Friday, August 24, 2007

School

is overwhelming. The first week of orientation was wonderful, but absolutely draining. We had High Holiday prep, which meant literally going over each page of the prayerbook, singing specific bits of High Holiday music, and taking sessions on how to write a sermon. We had orientation for the Education program, for the Pulpit program, for the Liturgy (prayer services) program. We had tours of the library, of the American Jewish Archives, of the Skirball Center, of the Holocaust museum. We had presentations from Youth Programs, from the Rabbinical Student Association, from the Development Office. You name it, we covered it. Thankfully they fed us food throughout!

Every evening we had social programs, as well: dinner at the Dean's house, BBQ with the rabbinical and graduate students, pizza at a nice restaurant, and schmoozing with everyone.

One great thing to note: last year, before HUC officially started, Jonathan and I went on an archeological dig to Tel Dan. We made friends with an HUC Cincinnati Ancient Near East grad student who was on the dig for the experience. Lo and behold, who do we see at the BBQ but this same grad student and his wife! We talk a bit, and then tell them the area where we live. They say, oh, cool, we just moved from there. We tell them the specific area where we live. They say, cool, we were there too. We tell them the street where we live. They say, huh, is it house number X? We say yes, how did you know that? They laughed, and said, because we just moved out of there last month! They then proceeded to tell us all about our landlord. Apparently they moved out because it was too small after the recent birth of their second baby. Otherwise, they loved it. We promised to invite them over to Shabbat dinner soon so they can see what we've done with the furniture. :)

2 comments:

Anonymous said...

What an inundating entry into the academic-spiritual-liturgical- social- world of HUC-Cincinnati!!

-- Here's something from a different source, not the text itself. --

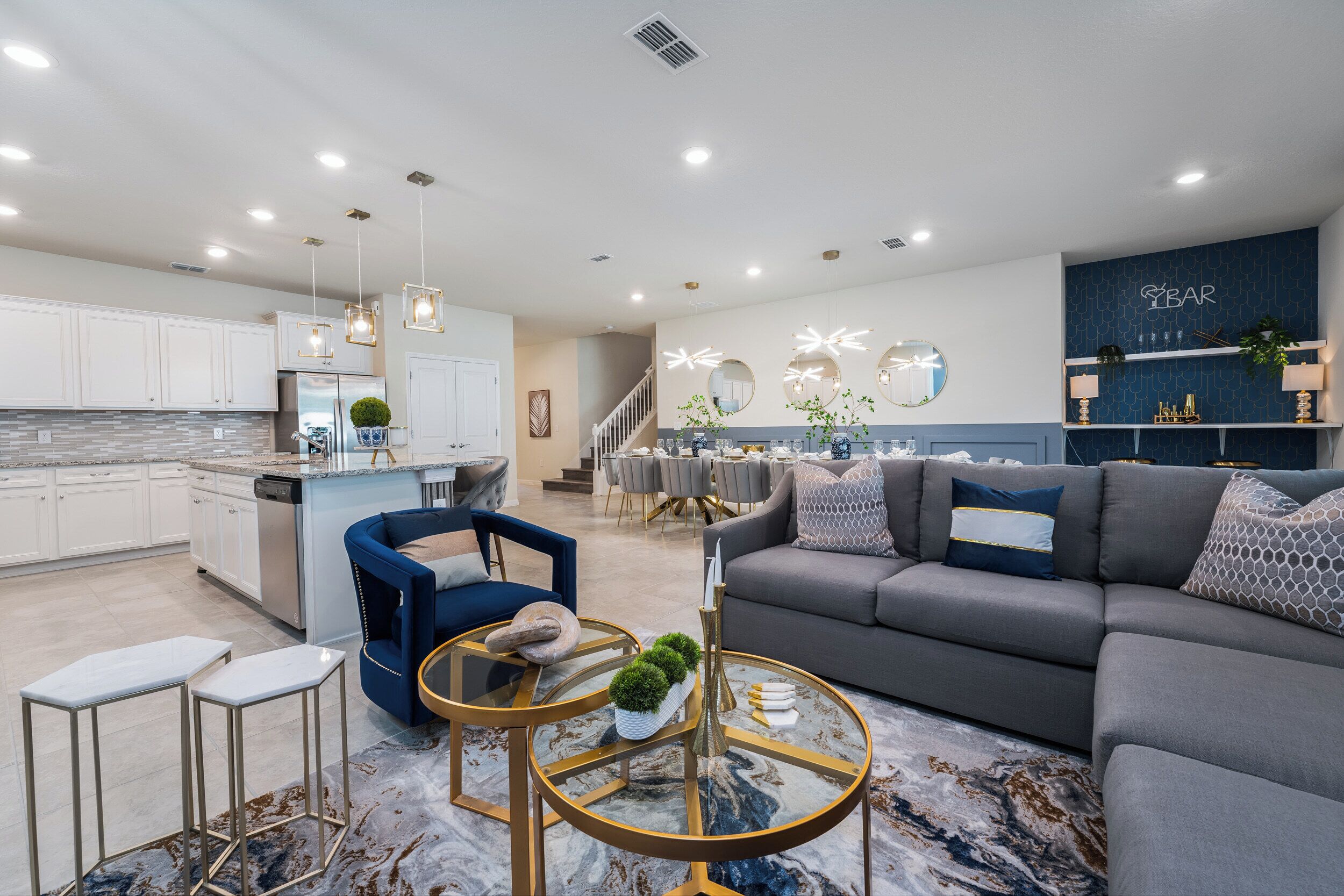 Nhà, sân hiên | Phòng khách | TV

As for harking back to that dig in Israel (when you had to leave hastily because the shooting from Lebanon started) -- imagine!!! You're living in the very same Cincinnati apartment as did the folks you met THERE! For me, it ties up all the Jewish connections through time and space into neat little tallit-ical knots.
Fate/Shmate!!! We're Jewish!!!
yer Savta

Michal said...

Thanks, Savta. I know... Jewish geography is fabulous, isn't it? There's no such thing as coincidence!